Noninterest income for the quarter ended September 30, 2008 was $284,000 compared to $3,350,000 for the same period in 2007. During the third quarter of 2008, the Company recognized impairment on its FNMA Preferred Stock of $3,284,000. The Company had purchased 100,000 shares of this security in June 2003 at par, $50.00 per share, and recognized an impairment charge in the fourth quarter of 2007 to its December 31, 2007 market value of $32.84. Due to the United States Treasury and the Federal Housing Finance Agency (FHFA) decision to place Fannie Mae and Freddie Mac under conservatorship on September 7, 2008, the Company concluded that these securities were further impaired and they were written down by $3,284,000 to zero at September 30, 2008. This impairment was the primary reason for the decrease in noninterest income for the quarter ended September 30, 2008. Other categories of noninterest income increased on a quarter over quarter basis. Service charges on deposits increased $59,000 to $1,850,000 for the third quarter of 2008 compared to $1,791,000 for the third quarter of 2007, while other fees and charges increased by $64,000 to $1,003,000 for the third quarter of 2008 compared to $939,000 for the same period in 2007. Noninterest income for the nine months ended September 30, 2008 decreased $2,402,000, or 24.9%, to $7,252,000 from $9,654,000 for the same period in 2007, primarily due to the impairment charge discussed above. Other categories of noninterest income increased on a year to date basis over the same period in the prior year. Service charges on deposits and other fees and charges increased $338,000 and $150,000, respectively, for the nine months ended September 30, 2008 compared to the same period in 2007. Other noninterest income (including gain on sale of OREO) for the three and nine month periods ended September 30, 2008 increased $95,000 and $394,000, respectively, compared to the same periods in 2007.
Noninterest expense increased $213,000 to $9,694,000 for the third quarter of 2008 from $9,481,000 for the third quarter of 2007. Salaries and employee benefits decreased $93,000 while occupancy expense was flat. Other expenses increased $320,000, due to an increase in FDIC insurance premiums. Noninterest expense for the nine months ended September 30, 2008 was $29,075,000 compared to $30,443,000 for the same period in 2007. The decrease was primarily due to approximately $1,086,000 in merger related expenses recorded in the first nine months of 2007 associated with the terminated merger with Sterling Financial Corporation.

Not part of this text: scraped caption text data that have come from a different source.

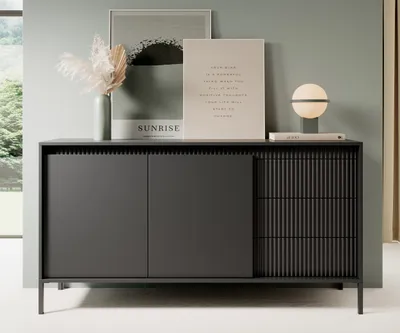 Image de AX LIVING Trentinis 153 2T3S Buffet noir, 153,5 cm, surface striée
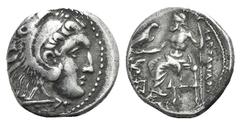 Kingdom of Macedon. Alexander III AR Drachm. Kingdom of Macedon. Alexander III AR Drachm. Kolophon c. 310-301. Head of Herakles r., wearing lion skin / Zeus Aëtophoros seated l.; griffin above monogra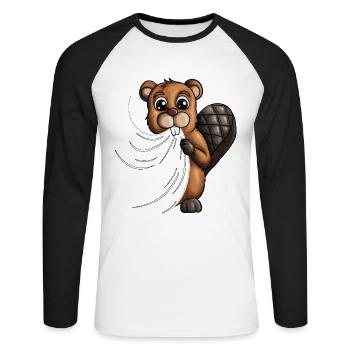 Barrage de castors Beaver fan beaver attrape votre chemise - T-shirt baseball manches longues Homme - blanc/noir - Devant - Nik (191cm)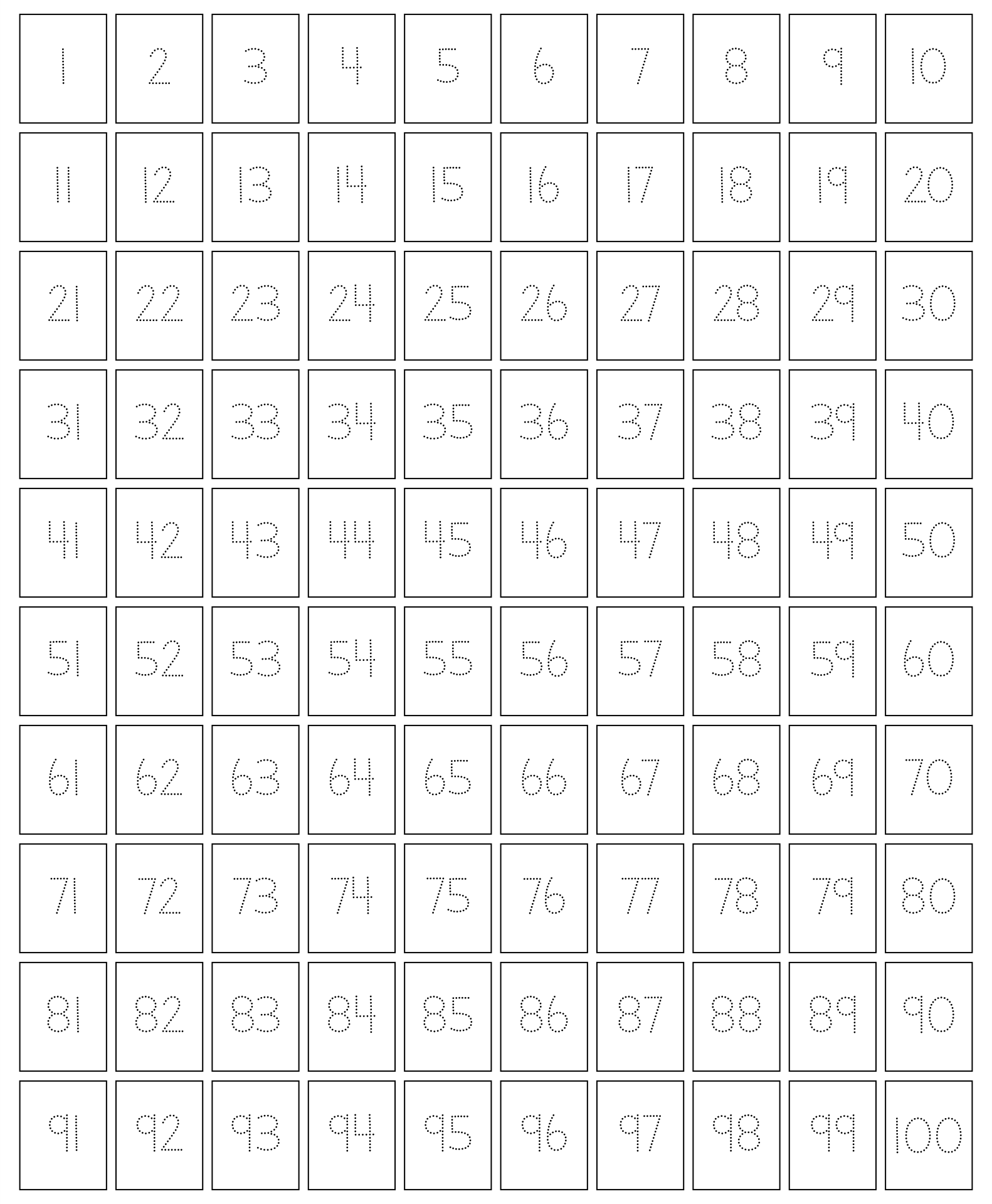 45 Blank 100 Chart Printable 58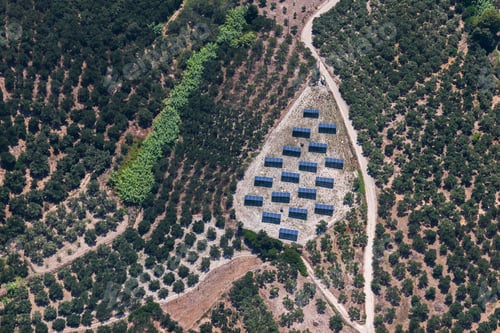 Preview: Aerial View Over The Rural Fields On Crete Island (Greece)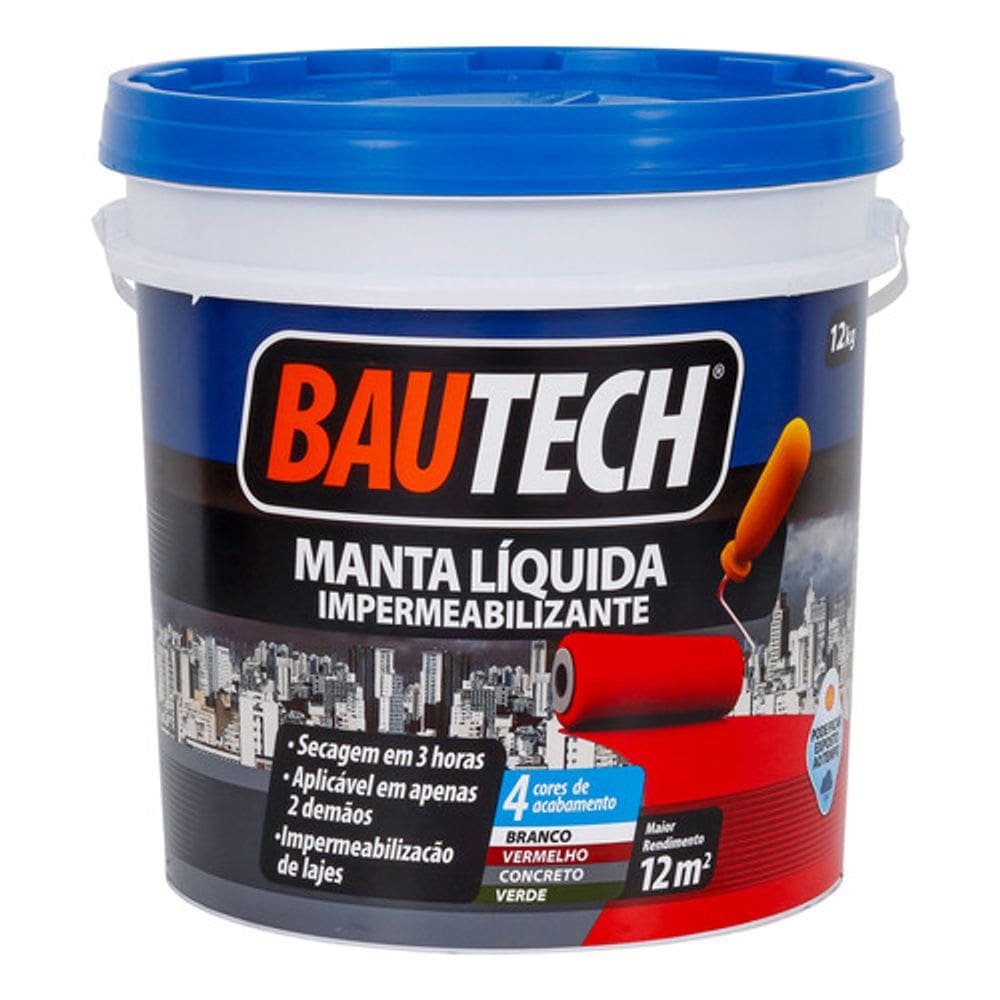 Manta Líquida Acrílica Profissional Cinza 12kg - Bautech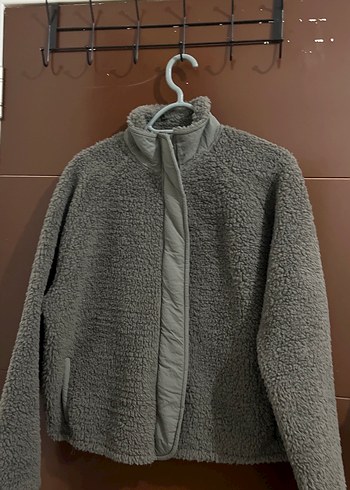 Gri Peluş Kadın Ceket Yüksek Yaka - Görsel 2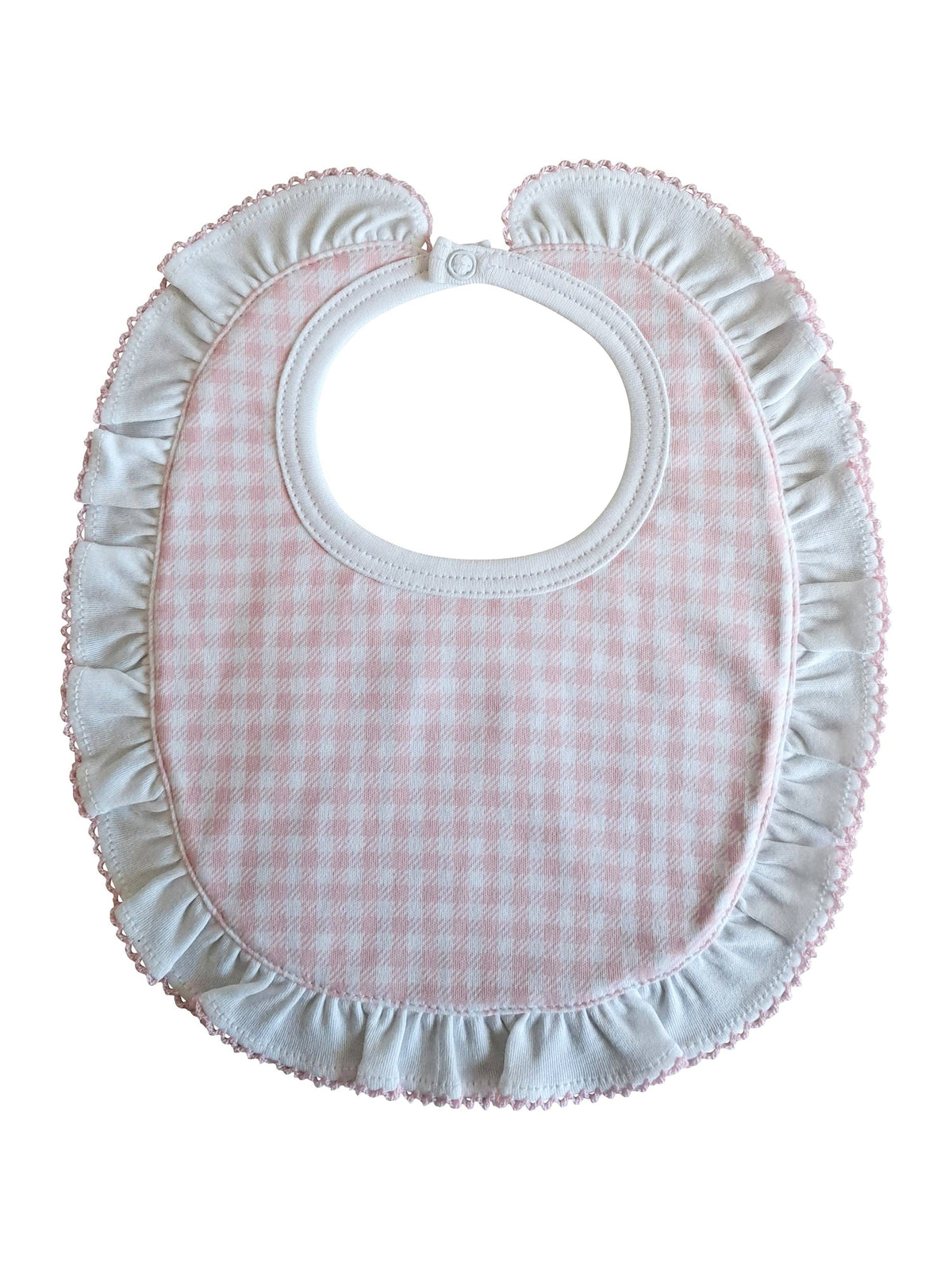 Baby Girl's "Pink Checks" Pima Cotton Bib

The Company recorded a benefit for income taxes for the quarter ended September 30, 2008 of $679,000, resulting in an effective tax benefit rate of 32.4%, compared to a provision for income taxes of $1,044,000, or an effective tax rate of 32.0%, for the quarter ended September 30, 2007. The benefit for income taxes for the nine month period ended September 30, 2008 was $1,266,000, resulting in an effective tax benefit rate of 32.4%, compared to a provision for income taxes of $2,891,000, or an effective tax rate of 32.0%, for the same period in 2007.
"We continued to make good progress in the resolution of our nonperforming assets during this quarter. Our Credit Administration team is actively working with our borrowers and is focused on reaching a relatively quick resolution to these credit related issues. The Company has been encouraged by the recent trends indicating some stabilization in residential real estate prices which will help the economy in the markets we serve," stated Mr. Cushman.
North Valley Bancorp is a bank holding company headquartered in Redding, California. Its subsidiary, North Valley Bank ("NVB"), operates twenty-six commercial banking offices in Shasta, Humboldt, Del Norte, Mendocino, Yolo, Solano, Sonoma, Placer and Trinity Counties in Northern California, including two in-store supermarket branches and seven Business Banking Centers, and a loan production office in Vacaville, CA. North Valley Bancorp, through NVB, offers a wide range of consumer and business banking deposit products and services including internet banking and cash management services. In addition to these depository services, NVB engages in a full complement of lending activities including consumer, commercial and real estate loans. Additionally, NVB has SBA Preferred Lender status and provides investment services to its customers. Visit the Company's website address at www.novb.com for more information.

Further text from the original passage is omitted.